■ **TASK OBJECTIVE**
A single number is the answer: the count of lines in the records that hold the word "Stock".

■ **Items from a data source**
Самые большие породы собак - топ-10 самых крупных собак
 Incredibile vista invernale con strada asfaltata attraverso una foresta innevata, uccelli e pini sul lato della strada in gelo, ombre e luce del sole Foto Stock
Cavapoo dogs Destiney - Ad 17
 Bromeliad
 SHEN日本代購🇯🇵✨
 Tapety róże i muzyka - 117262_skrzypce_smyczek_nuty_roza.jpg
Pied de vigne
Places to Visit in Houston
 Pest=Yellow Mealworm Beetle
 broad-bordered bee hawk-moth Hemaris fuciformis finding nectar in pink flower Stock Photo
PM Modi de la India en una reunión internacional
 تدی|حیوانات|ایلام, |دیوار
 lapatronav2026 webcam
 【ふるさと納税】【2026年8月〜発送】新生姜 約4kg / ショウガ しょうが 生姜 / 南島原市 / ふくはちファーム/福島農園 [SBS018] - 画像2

■ **EXERCISE OUTPUT**
2